What you should do
Quote these lines exactly: the one that holds "Ticaret Borsası'ndan Geleneksel" and every line after it to the end of the material below. Skip pictures.

Record extracts
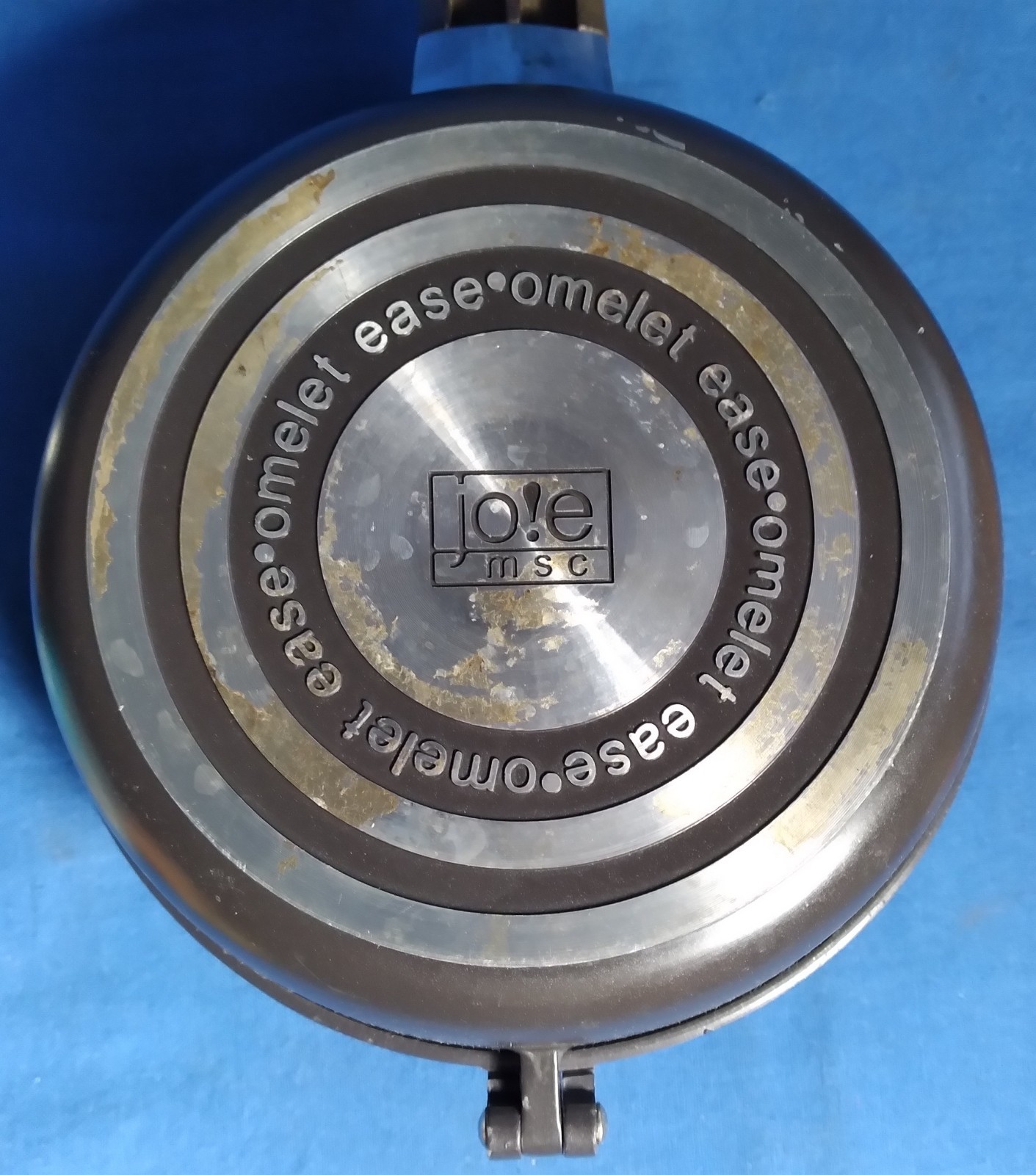 Joie Jo!e Omelet Ease Pan Nonstick Breakfast Skillet Pan Easy Flip Single Serve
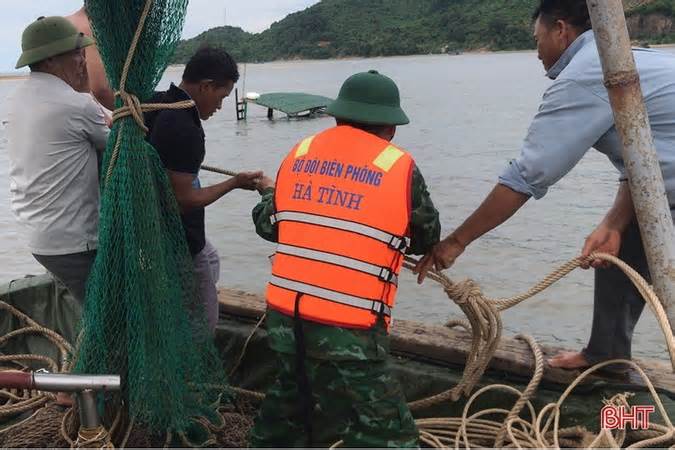 Hà Tĩnh: Kịp thời cứu nạn thành công 2 ngư dân gặp nạn trên biển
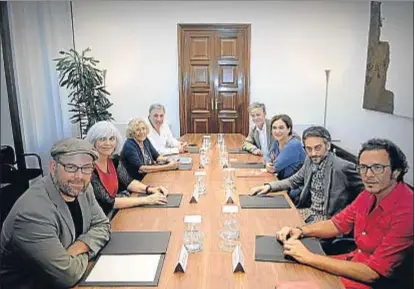  ?? ÀLEX GARCIA ?? La reunión de los alcaldes de las izquierdas alternativ­as el viernes pasado en Barcelona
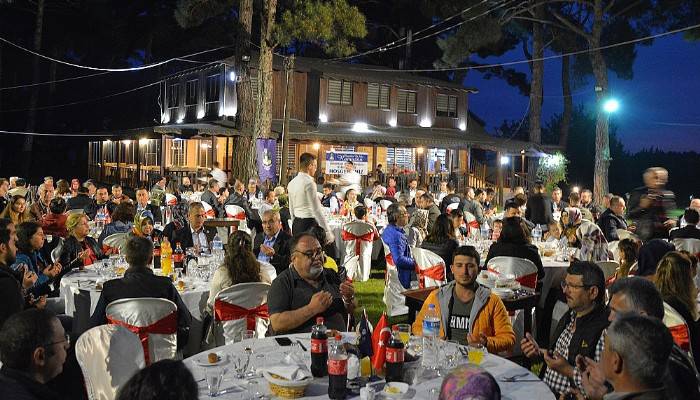 Ticaret Borsası'ndan Geleneksel İftar Yemeği 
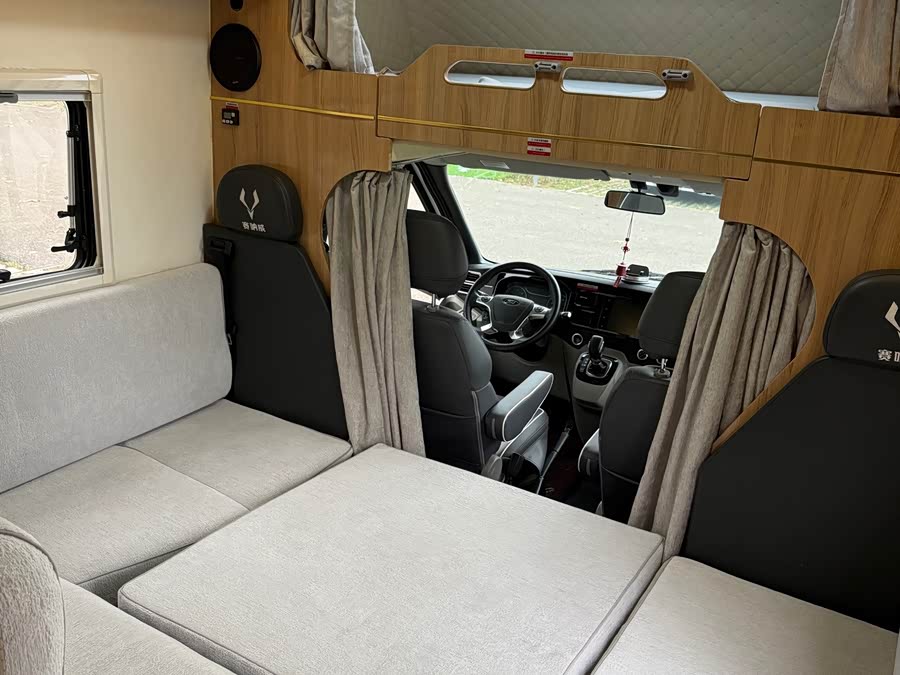 New Generation Transit C-Class RV 2023 2.2T Diesel - zdjęcie 11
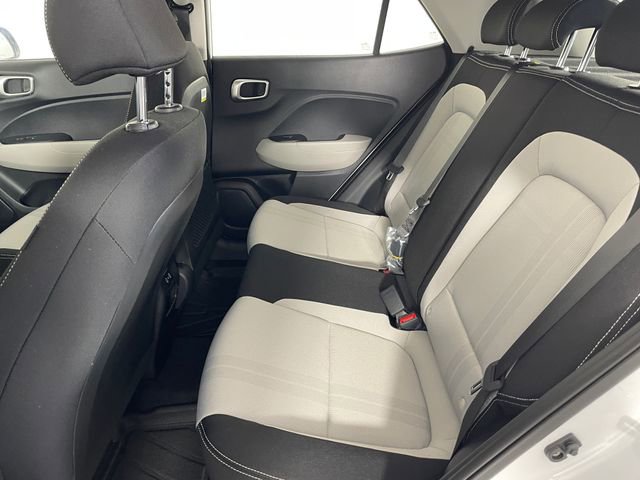New 2026 Hyundai Venue SEL FWD image 15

Answer
 Ticaret Borsası'ndan Geleneksel İftar Yemeği 
 New Generation Transit C-Class RV 2023 2.2T Diesel - zdjęcie 11
New 2026 Hyundai Venue SEL FWD image 15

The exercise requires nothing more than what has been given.